RULES GOVERNING CURRENT BOWDOIN PRIZES EXPLAINED

Offer Awards for English Dissertations and Translations Into Latin and Greek.

Announcement has been made by the committee in charge that the competition for the Bowdoin Prizes for 1919-20 is now open to all resident students of the University. These prizes are of two groups, the first of which are awarded for dissertations in English, and the second for dissertations in Greek and Latin. Each of these classes are subdivided so that those who hold degrees will be judged and awarded prizes distinct from these which are given undergraduates. The competitions close on April 1, 1920, and on that date all essays and translations must have been handed in to the Secretary of the Faculty. There are six prizes to be awarded in the English group and three in the classical group, ranging from $50 to $250.

English Group.

A first prize of $250 and two second prizes of $100 each for dissertations in English are open to resident students who do not hold an academic degree or have not had an equivalent training, and also for other candidates for the degree of A. B. or S. B. in the University. Although the first prize can be awarded to but one man, either or both of the two second prizes may be divided between two competitors if the committee sees fit.

Essays offered in competition for these prizes may be on any subject approved by the Chairman of the Committee on Bowdoin Prizes. Theses that form part of the regular work in an elective course may be offered in competition, with the consent of the instructor in the course, or, subject to such consent, may be rewritten for the prize competition.

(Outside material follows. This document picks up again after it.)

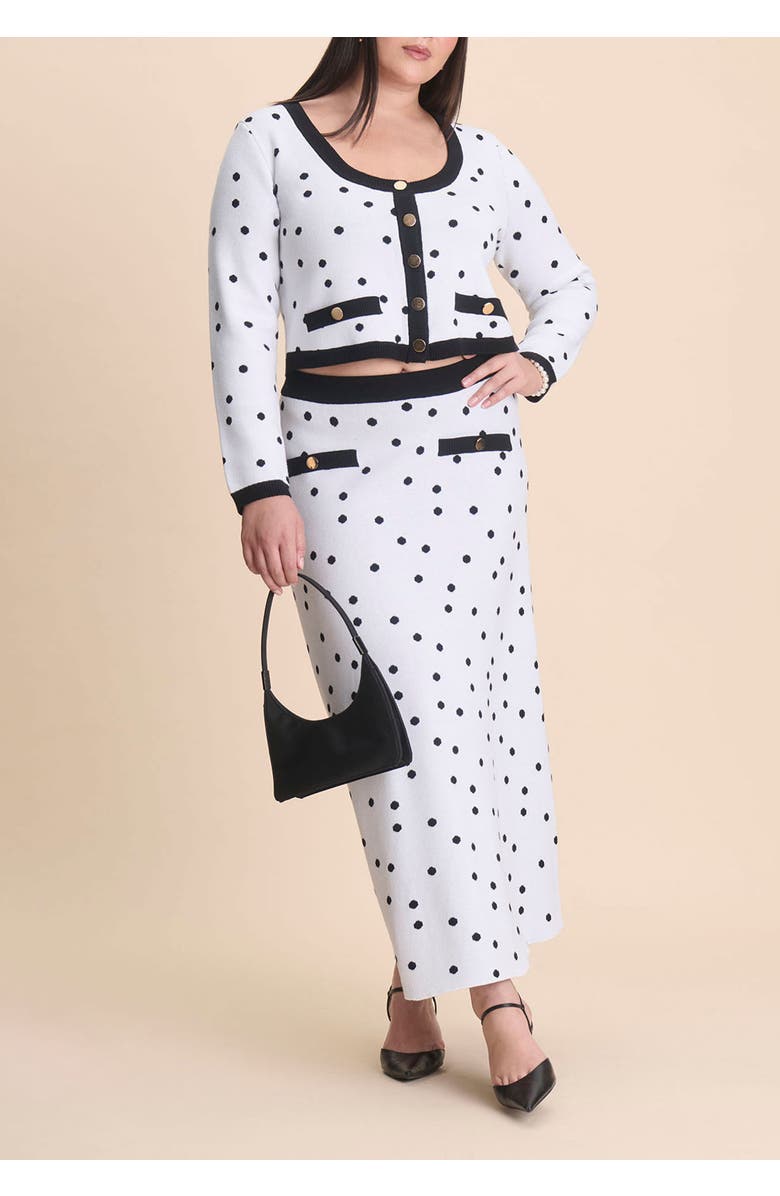 ELOQUII Cropped Intarsia Knit Jacket, Alternate, color, Twin Dots White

Three prizes of $200 each for all other resident students are offered for essays of high literary merit belonging to a special field of learning. For the present year a prize will be offered in each of the following groups: IV, English, Fine Arts, and Music; V, History, Government, Economics, and Business Administration; VI, Philosophy and Education.

Competitors are at liberty to select the subjects of their essays, provided they are approved by the committee. Although an essay offered by a graduate may not contain more than 15,000 words, if desired, it may be part of a doctoral thesis.

Greek and Latin Group.

In the classical group two prizes of $50 are offered to undergraduates as specified above, one of which is for a translation in Greek and the other in Latin. The subject for the Greek of the passage in J. B. Bury's "History of Greece," Chapter 12, Section 1, beginning with "Sparta had achieved the task," and ending with "from a friend of Lacedaemon."

The prize in Latin is offered for a translation into Latin of the passage in Prescott's "Ferdinand and Isabella." Vol. II, Part II, Chapter I, beginning with "No sooner was the internal organization" and ending with "a by-word of political knavery." A prize of $100 is offered for an original essay in Greek or Latin of not less than 3000 words written by a holder of an academic degree who has been in residence for one full year within the period 1918-20.

The founder of these prizes. James Bowdoin, graduated from the University in 1745. He was a member from 1757 to 1774 of His Majesty's Council for the Province, and was active there as an opponent of the ministry. He was president of the convention which framed the Constitution of the Commonwealth in 1779 80, and was Governor of Massachusetts from 1785 to 1787. Governor Rowdoin bequeathed 400 pounds, the interest which was to be used for these prizes. In 1901 George S. Rowdoin of New York give $15.000 to be added to the practice of the formers bequest.